7. The ruler loses the Mandate of Heaven.
8. The population decreases because of the violence.
9. China goes through a warring states period.
10. One state emerges victorious.
11. The state starts a new empire.
12. The empire gains the Mandate of Heaven.
collectivization
Horizontal collectivism stresses collective decision-making among relatively equal individuals, and is thus usually based on decentralization. Vertical collectivism is based on hierarchical structures of power and moral and cultural conformity, and is therefore based on centralization. Often part of communism, the opposite of individualism.
globalization
refers to the increasing global relationships of culture, people, and economic activity. It is generally used to refer to economic globalization: the global distribution of the production of goods and services, through reduction of barriers to international trade such as tariffs, export fees, and import quotas and the reduction of restrictions on the movement of capital and on investment.
modernization
refers to a model of an evolutionary transition from a 'pre-modern' or 'traditional' to a 'modern' society. The teleology of modernization is described in social evolutionism theories, existing as a template that has been generally followed by societies that have achieved modernity. Historians link modernization to the processes of urbanization and industrialization, as well as to the spread of education.
chronology
is the science of arranging events in their order of occurrence in time, such as the use of a timeline or sequence of events.
periodization
Most disciplines that attempt to talk fruitfully about the past find it helpful to break up what has happened in various ways, and to give these smaller units names. The names are valuable to the extent that they aid analysis and description. Periodization from the sciences includes the geologic Cretaceous or Jurassic periods, while examples from human history include the Zhou Dynasty, the Baroque Period, and the Harlem Renaissance.
To the extent that history is continuous and ungeneralizable, all systems of periodization are more or less arbitrary.
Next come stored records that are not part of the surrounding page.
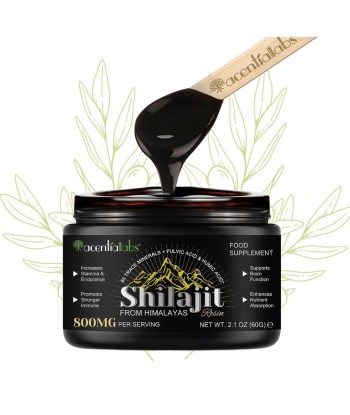Shilajit de l’Himalaya 60g...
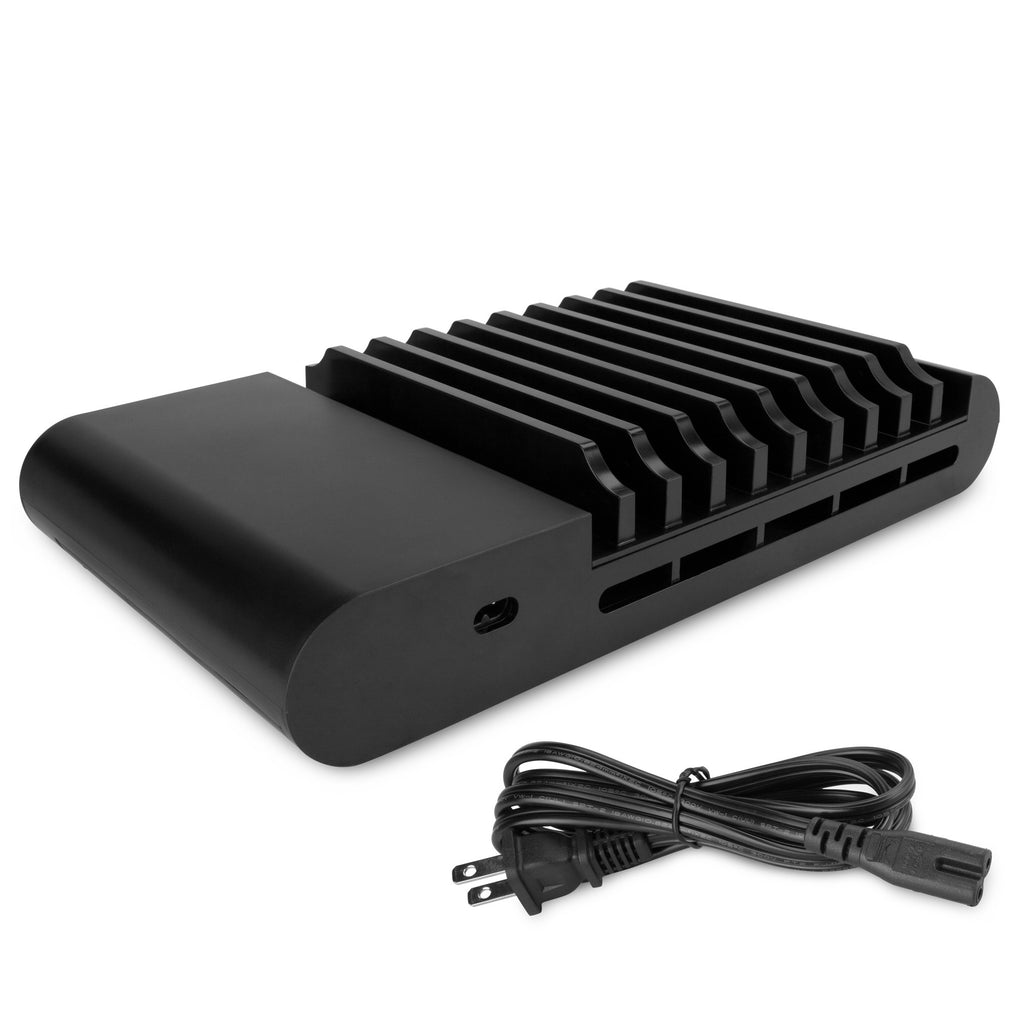 MultiCharge Dock - 10-Port - Blackberry Style 9670 Charger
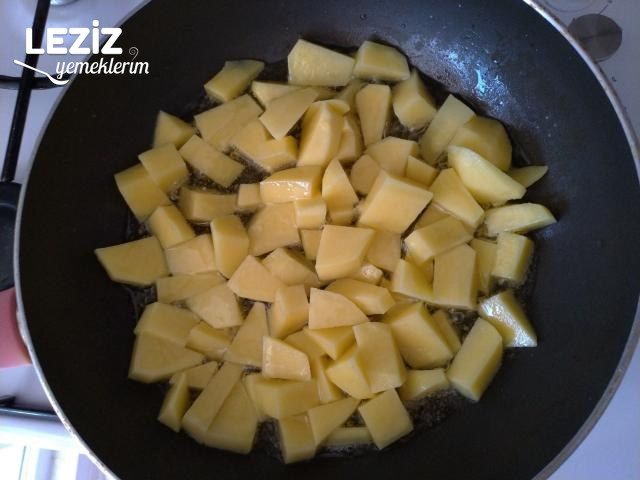 Kahvaltılık Soslu Patates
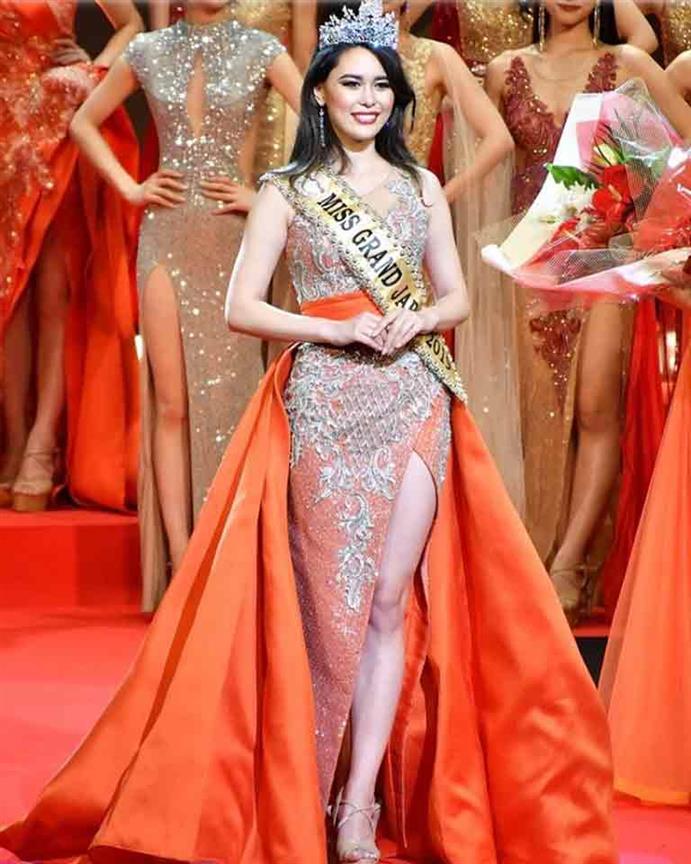 Adeline Minatoya crowned Miss Grand Japan 2019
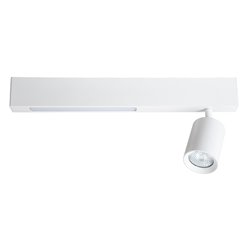 Kinkiet liniowy LED 5W Down z reflektorem GU10 Down biały
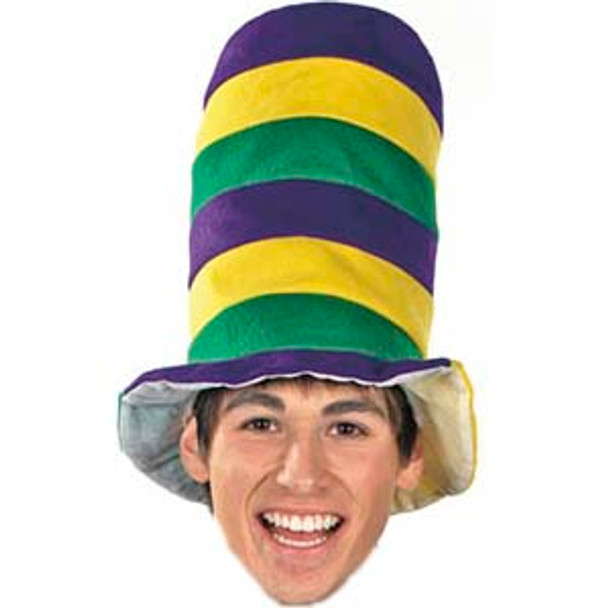 Mardi Gras Top Hats 5948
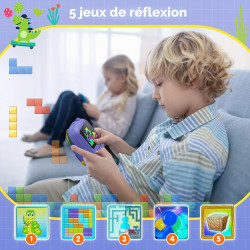 CAMCLID Appareil Photo Instantané Enfants, 12MP/1080P Appareils Photo Numérique Enfants avec Carte 32G et 3 Rouleaux de Papier, 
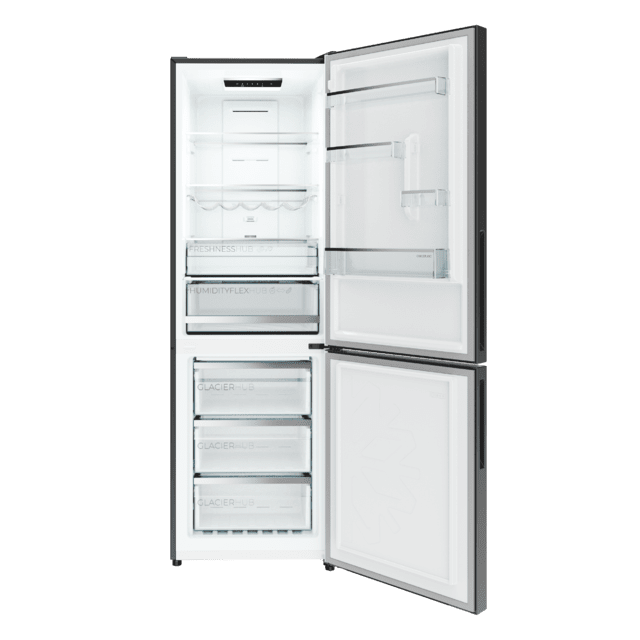 Frigorífico Bolero CoolMarket Combi 322i Inox D | CECOTEC - Imagen 4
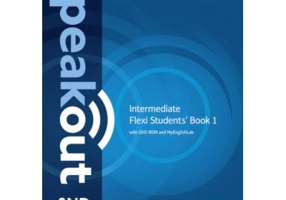 Speakout Intermediate 2nd Edition Flexi Students' Book 1 with MyEnglishLab Pack - Antonia Clare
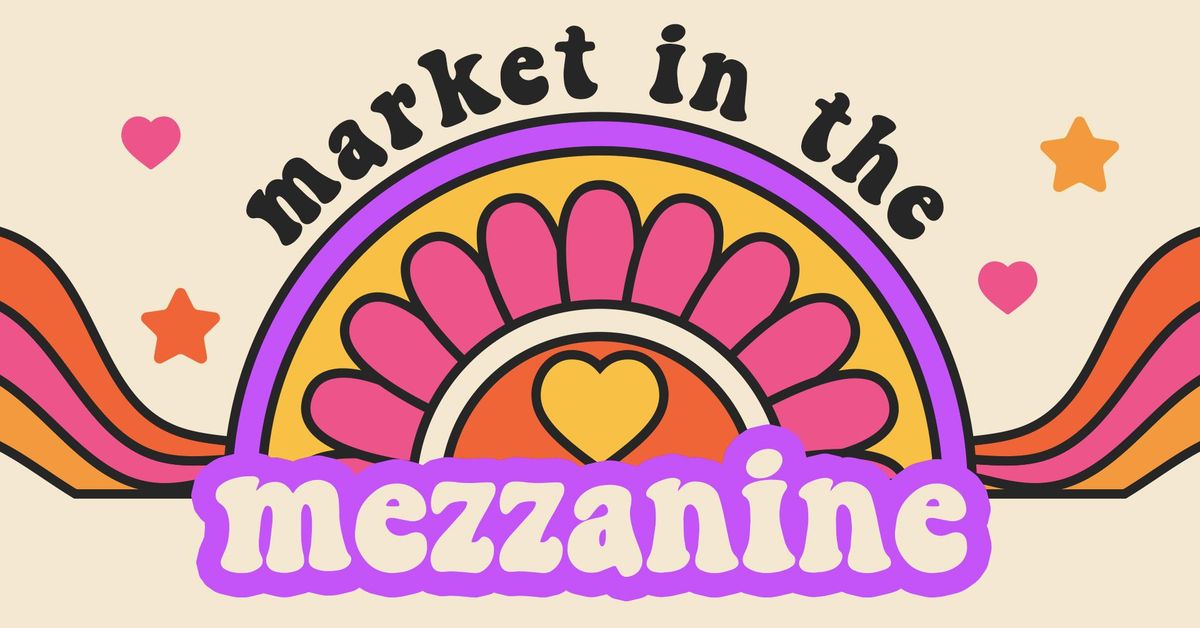 October Market in the Mezzanine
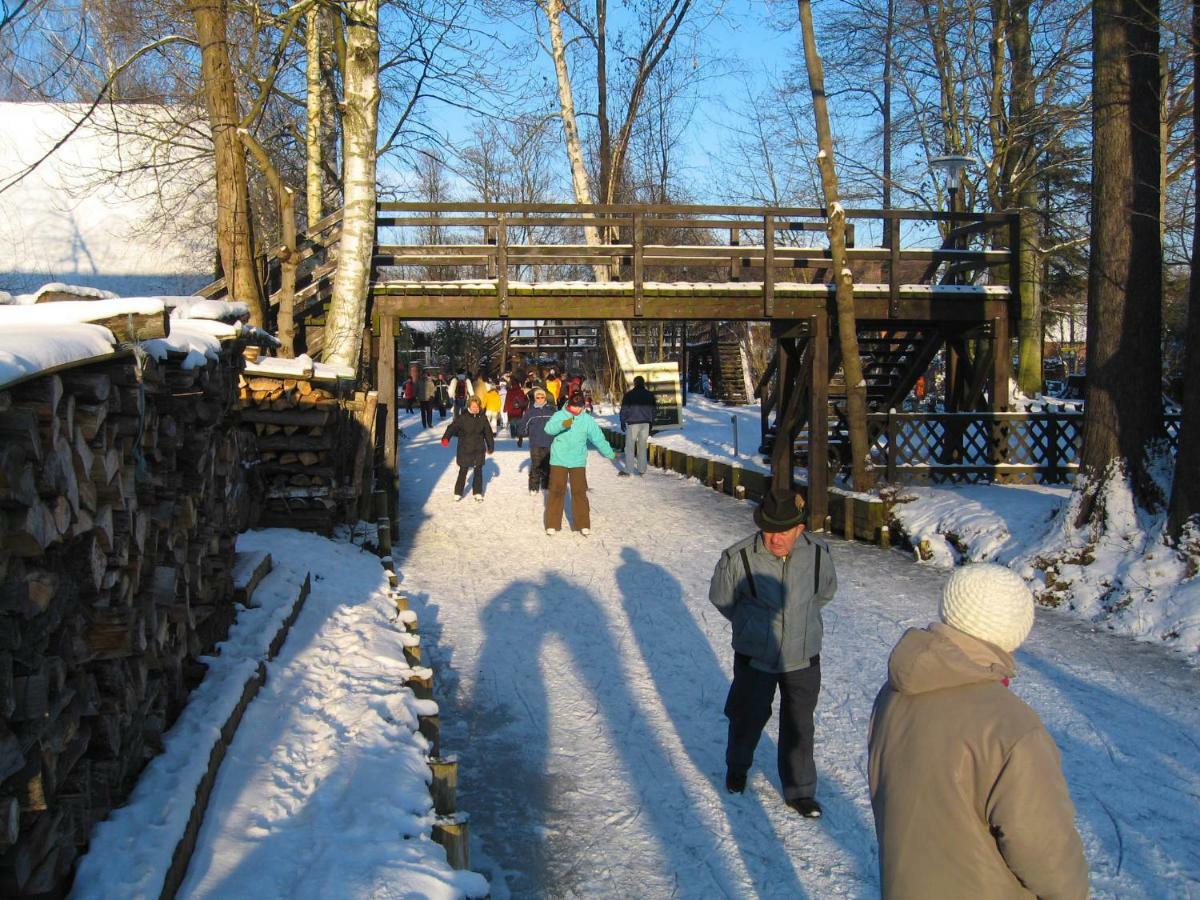 An Der Hainmuehle Lübben Buitenkant foto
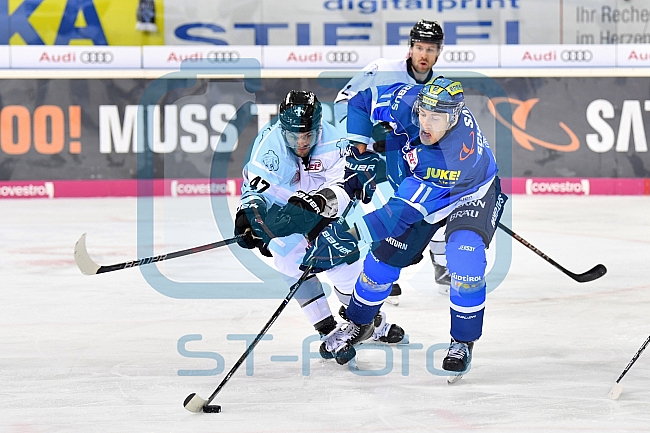 ERC Ingolstadt  Thomas Sabo Ice Tigers, Eishockey, DEL, Deutsche Eishockey Liga, Spieltag 8, 01.10.2017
Yet without named periods, however clumsy or imprecise, past time would be nothing more than scattered events without a framework to help us understand them. Nations, cultures, families, and even individuals, each with their different remembered histories, are constantly engaged in imposing overlapping, often unsystematized, schemes of temporal periodization; periodizing labels are continually challenged and redefined. One historian may write a new history of the Renaissance in Europe; another may claim that there was no such thing as the European Renaissance.
Fredrick Jackson Turner's Frontier Thesis
Turner saw the land frontier was ending, since the U.S. Census of 1890 had officially stated that the American frontier had broken up. He sounded an alarming note, speculating as to what this meant for the continued dynamism of American society as the source of America's innovation and democratic ideals was disappearing.
Charles Beard's Interpretation of the US Constitution
He said there were two revolutions: one against Britain to obtain home rule, and the other to determine who should rule at home. Beard argued the Constitution was designed to reverse the radical democratic tendencies unleashed by the Revolution among the common people, especially farmers and debtors. In 1800, said Beard, the farmers and debtors, led by plantation slave owners, overthrew the capitalists and established Jeffersonian democracy.
Karl Marx's Interpretation of the European Industrialization
According to Karl Marx, industrialisation polarised society into the bourgeoisie (those who own the means of production, the factories and the land) and the much larger proletariat (the working class who actually perform the labour necessary to extract something valuable from the means of production). He saw the industrialisation process as the logical dialectical progression of feudal economic modes, necessary for the full development of capitalism, which he saw as in itself a necessary precursor to the development of socialism and eventually communism.